Editorial del 20 de septiembre de 2010

España a veces puede ser mezquina, tacaña o, lo que es peor, indiferente, ante la muerte de personalidades relevantes. Otras, España es país de grandes entierros: honras y fastos para despedir a quienes olvidó mientras estuvieron vivos. Y, a veces, las menos, encuentra la medida justa para decir adios a las personas públicas que dejan hueco en la memoria y el corazón de la mayoría. La despedida a José Antonio Labordeta está siendo grande, honda, sentida y hermosa. Es un movimiento de abajo a arriba que ha ido contagiando a todas las autoridades y todos los medios.
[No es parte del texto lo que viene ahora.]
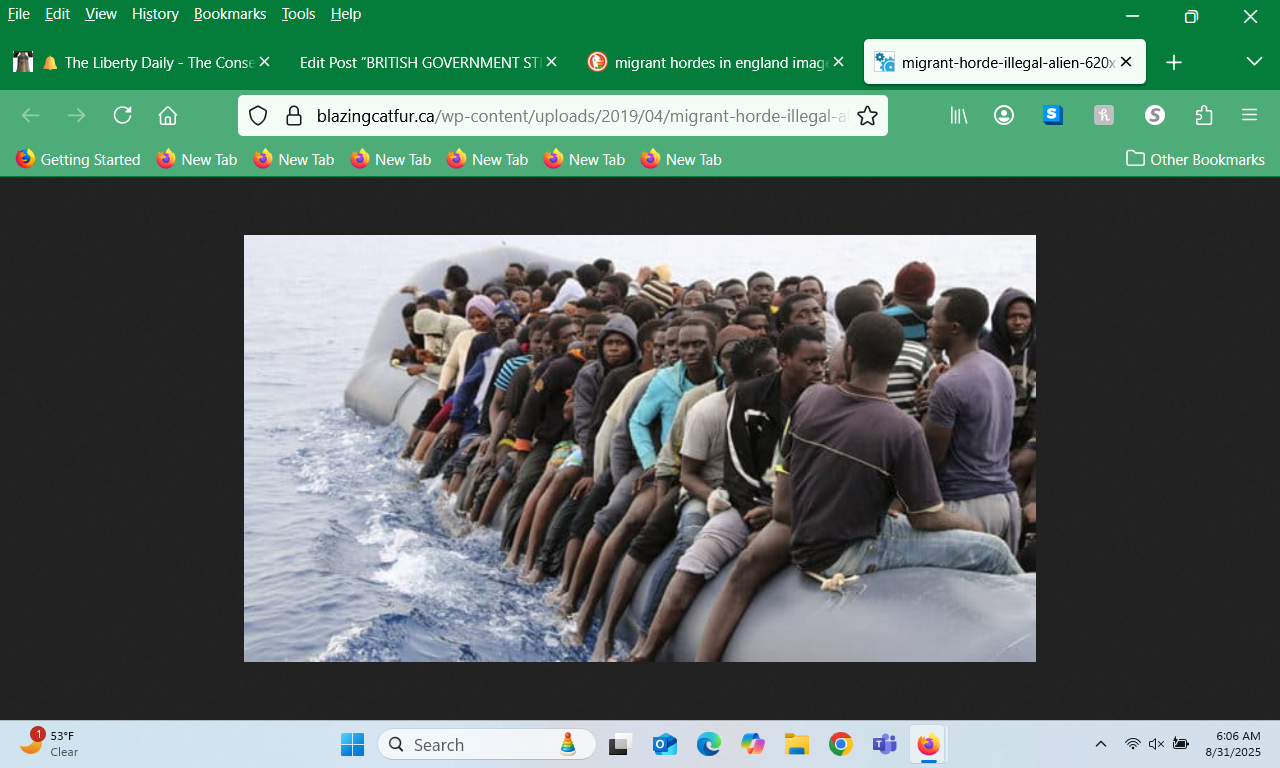 1.2 million illegals in the UK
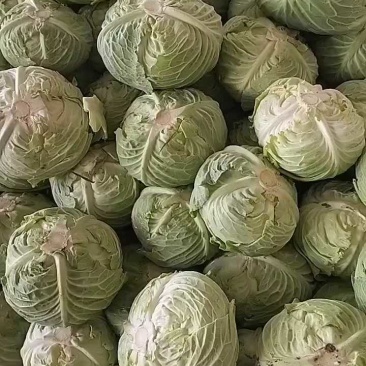 汉中包菜装车中，物美价廉，欢迎联系！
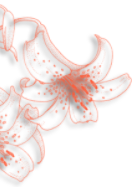 qGT3qauAgxd4 (134x187, 34Kb)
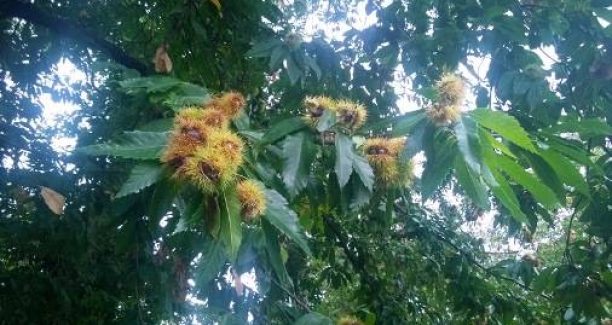 Piancastagnaio_castagne_2015_506x284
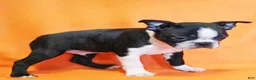 Boston Terrier dogs for sale: Riley - Ad 2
Empezando por las decenas de miles de aragoneses anónimos que han pasado ante su féretro, y acabando por el rey, que también pronunció ayer su homenaje personal. La mujer y las hijas de Labordeta manifestaban esta mañana su gratitud por el enorme cariño que están recibiendo desde todos los rincones.

En JELO no dejamos de pensar en lo que Labordeta diría si pudiera ver por un agujerito lo que su muerte está provocando. Probablemente él sería el primer sorprendido porque era de esos personajes irrepetibles que cuando escuchaba elogios, solía mirar hacía atrás por si era otro el receptor de los mimos. Le disfrutamos como gabinetero hasta hace un año, así que está en todos los archivos de este equipo: en el sonoro, a disposición de quien quiera, por cierto, en ondacero.es, y, sobre todo, en el del corazón.